I’m really looking forward to the new Alex Garland movie, Civil War. Annihilation and Ex Machina are modern sci-fi classics, so I have high hopes (although the less said about Men, the better)
All Of Us Strangers, Zone Of Interest, Poor Things just recently on the cinema are as good as anything on that list - it is probably a golden age for brilliant films the last few years if I think of everything I have seen at the cinema and on Mubi etc… probably a bit like listening to pop music on the radio and saying modern music is rubbish unless you have watched a lot of films and genuinely are not into watching films anymore.
I agree, show dont tell, super movie, really artsy with the colors and mythology presented. Narrative in picture was well executed. Acting was fine too.
Her was great. It reminded me a lot of Solaris (1972) so I wasn’t amazed by it to be honest. But Ex Machina and Her are much better than 95% of the movies come out since then. In fact, with the AI and all the other hype, they would be much more popular if they came out today. They are also good examples of good writing, acting and FX with limited budget.
“Upgrade” is another really good example similar to these.
hot take: Villeneuve movies (including the new dunes) have an aesthetic of sophistication that appeals to the college educated middle class but are substantively just as empty as any other Hollywood blockbuster. First half of Lynch’s dune is still more interesting than anything Denis ever made.

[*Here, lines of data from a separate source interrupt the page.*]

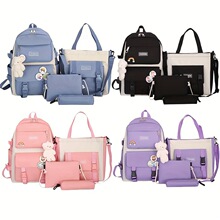 R 27549 Nylon Five-Piece School Backpack Set Сѧ�������װ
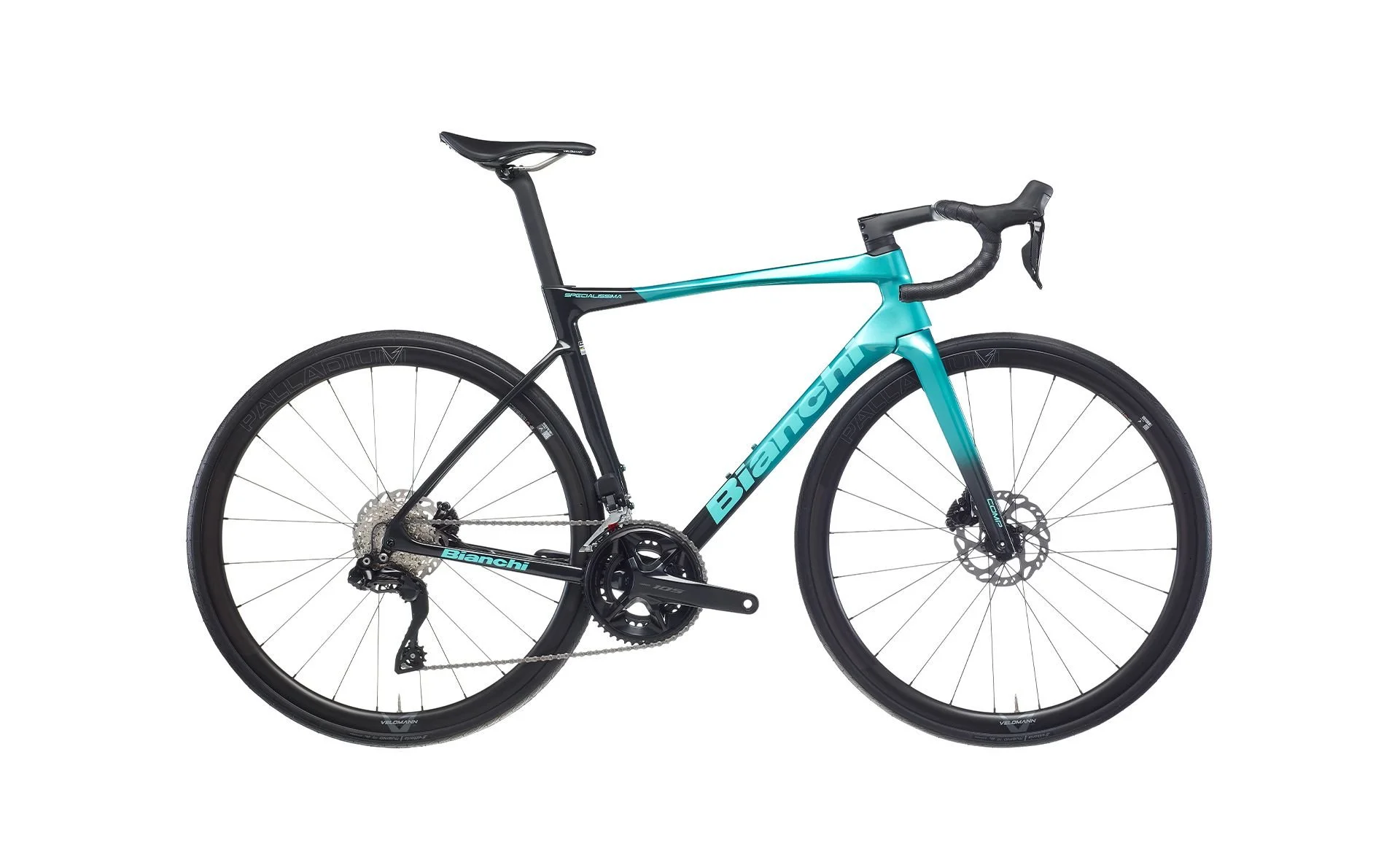 Bianchi Specialissima COMP Ultegra Graphite/Metallic Celeste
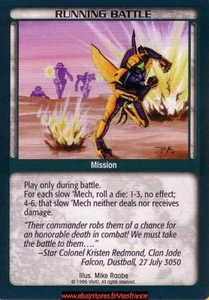 Running Battle [Unlimited] ENG Battletech TCG - Imagen 1 de 2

What he did was to simplify the book(s) as much as possible so that it was easier for the average punter to understand what was happening, and then married that to a lot of very nice cinematic shots. I think he’ll keep it to a trilogy and tie it up in a bow, before we see LETO2 become a sandworm symbiote.
I like the idea of Annihilation more than the execution, the dialog was super clunky in places and the editing was not a “good” kind of disjointed, IMO. I wanted to like it more than i did.